Harga Batu Bara Naik Turun

Selasa, 05 Agustus 2025 | 09:45:11 WIB
Harga Batu Bara Naik Turun

JAKARTA - Pergerakan harga batu bara yang bervariasi mencerminkan dinamika besar dalam lanskap energi global, di mana transisi dari energi fosil menuju energi terbarukan semakin terasa dampaknya. Di tengah membaiknya pasokan global dan tren penurunan permintaan dari sektor energi fosil, sejumlah negara besar seperti China dan India mulai menunjukkan peningkatan kontribusi energi hijau dalam bauran energinya. Hal ini berdampak langsung pada fluktuasi harga batu bara di berbagai pasar internasional.

Harga batu bara Newcastle untuk kontrak Agustus tercatat naik tipis sebesar US$ 0,05 menjadi US$ 114,95 per ton. Namun, pada kontrak bulan berikutnya yakni September, harga justru mengalami pelemahan sebesar US$ 0,05 menjadi US$ 117,2 per ton. Untuk kontrak Oktober, harga batu bara tercatat stagnan di posisi US$ 118,25 per ton.

Di sisi lain, pasar Eropa juga menunjukkan tren pelemahan. Harga batu bara di Rotterdam untuk kontrak Agustus tercatat turun US$ 0,25 menjadi US$ 103,2. Kontrak September pun mengalami penurunan sebesar US$ 0,85 menjadi US$ 104,5, sementara harga Oktober terkoreksi US$ 0,75 menjadi US$ 105,75.

Menurut data dari Trading Economics, harga batu bara saat ini sedang bergerak dipengaruhi oleh berbagai faktor global, mulai dari ketersediaan pasokan yang membaik, penurunan permintaan dari sektor pembangkit berbasis fosil, hingga meningkatnya kapasitas energi terbarukan di beberapa negara besar. Fenomena ini menjadi indikator bahwa sektor energi global kini sedang memasuki masa peralihan yang signifikan.

Kebijakan internal di negara-negara produsen besar seperti China turut berpengaruh terhadap pergerakan harga. Pemerintah Beijing dikabarkan akan menutup sejumlah tambang batu bara yang beroperasi di luar kuota produksi yang ditetapkan. Langkah ini merupakan bagian dari strategi pemerintah China untuk menjaga stabilitas pasokan dan menekan tekanan deflasi produsen yang semakin kuat. Tidak hanya itu, otoritas lokal juga mewajibkan pembangkit listrik untuk meningkatkan stok batu bara hingga 10%. Tujuannya adalah memanfaatkan harga pasar yang sedang rendah serta menjamin ketersediaan energi dalam negeri.

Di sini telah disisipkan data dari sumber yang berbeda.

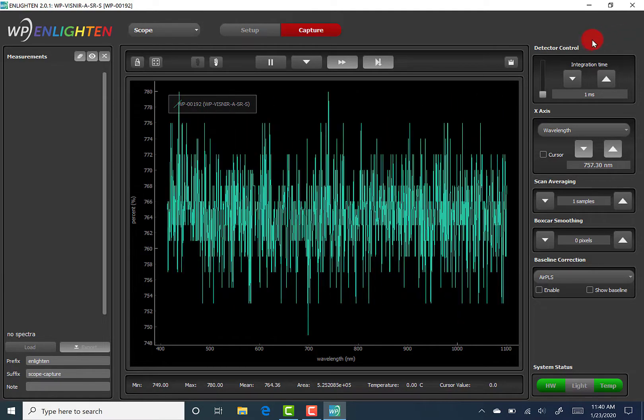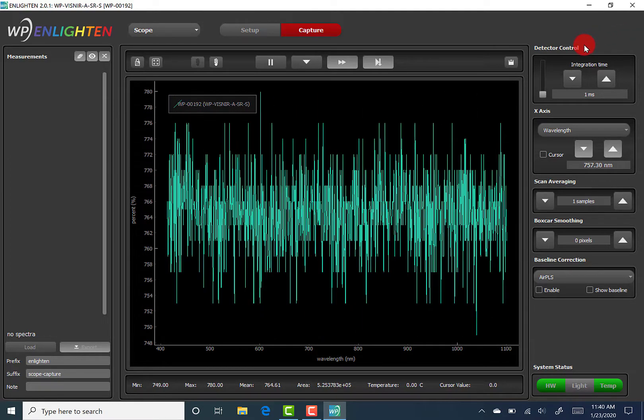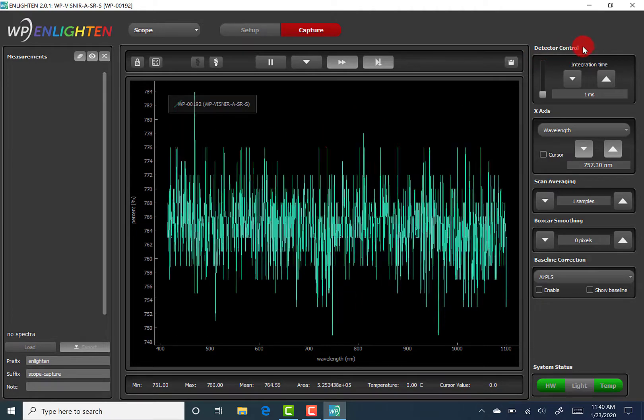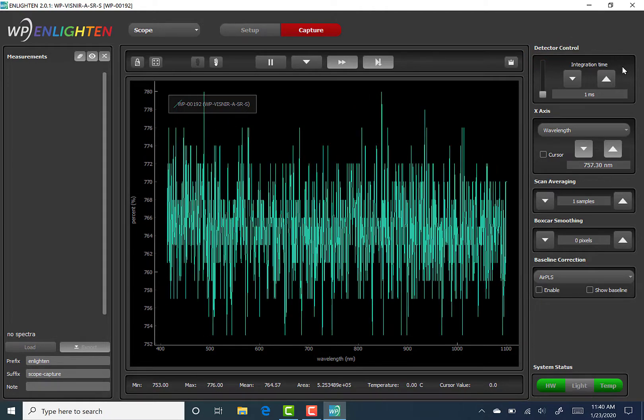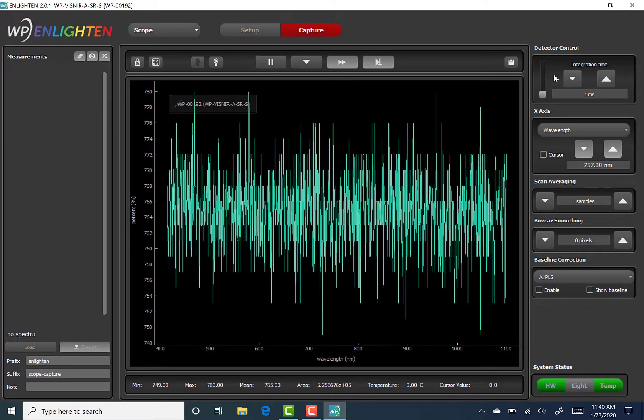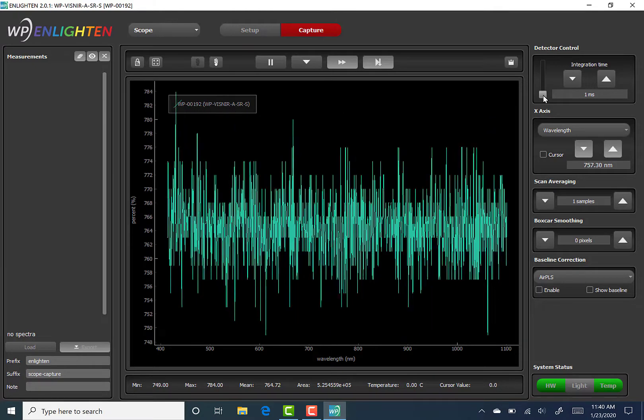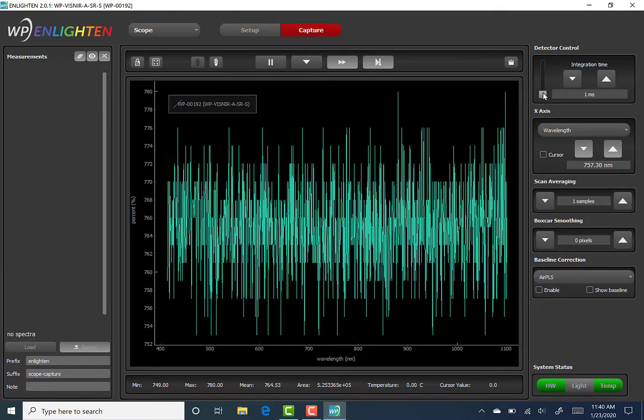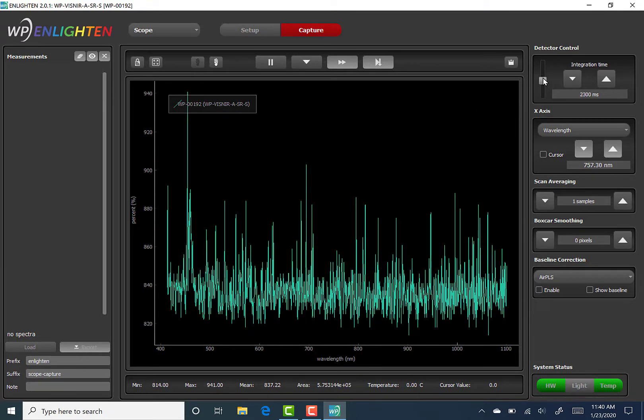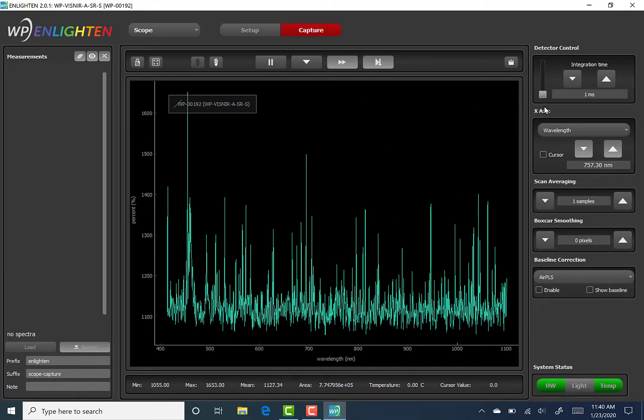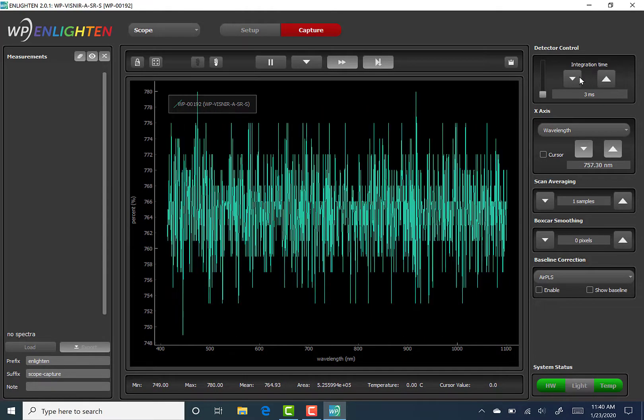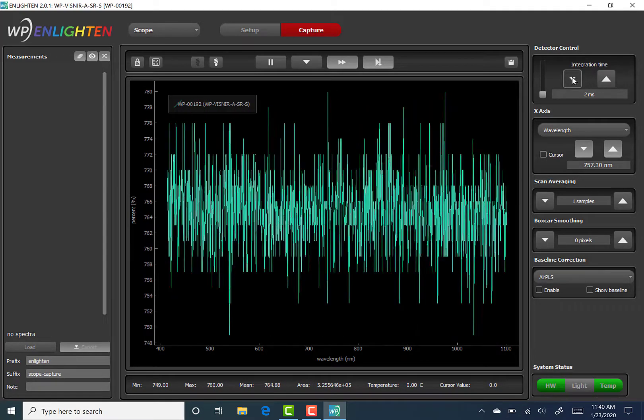The detector control function, which is visible on my screen, allows the user to set integration times in milliseconds using either the vertical slider, where moving upwards increases the integration time, using the up and down arrows, or simply clicking in the editable numeric field below the arrows.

Namun, di tengah kebijakan pengendalian produksi, data menunjukkan bahwa produksi batu bara China pada bulan Juni justru mengalami kenaikan sebesar 3,6% dibandingkan dengan periode yang sama tahun sebelumnya. Proyeksi resmi menyebutkan bahwa produksi batu bara China diperkirakan akan tumbuh sebesar 1,5% menjadi 4,82 miliar ton pada akhir tahun ini. Pertumbuhan ini diproyeksikan sebagai kelanjutan dari capaian rekor produksi yang berhasil dicetak pada tahun sebelumnya.

Dari sisi konsumsi, permintaan terhadap batu bara untuk pembangkitan listrik di China justru mengalami penurunan sebesar 4,7% secara tahunan pada kuartal pertama tahun ini. Penurunan tersebut disebabkan oleh turunnya permintaan listrik secara umum dan meningkatnya kapasitas pembangkit listrik berbasis energi terbarukan. Meski demikian, pemerintah China terus menggenjot belanja infrastruktur yang diperkirakan mampu menjaga permintaan listrik tetap stabil dalam jangka menengah.

Kondisi ini menggambarkan adanya pergeseran prioritas dalam bauran energi global. Negara-negara besar tidak lagi sepenuhnya mengandalkan batu bara sebagai sumber utama pembangkit listrik, melainkan mulai memperluas pemanfaatan energi bersih sebagai strategi jangka panjang.

Dari sisi perdagangan berjangka, data kontrak future (CFD) menunjukkan bahwa harga batu bara mengalami kenaikan tipis 0,04% dibandingkan hari sebelumnya. Meski demikian, jika dilihat secara bulanan, harga batu bara tercatat naik hingga 4,98%. Namun, angka ini masih lebih rendah 20,01% dibandingkan dengan periode yang sama tahun lalu, menunjukkan bahwa secara tahunan batu bara masih mengalami tren pelemahan.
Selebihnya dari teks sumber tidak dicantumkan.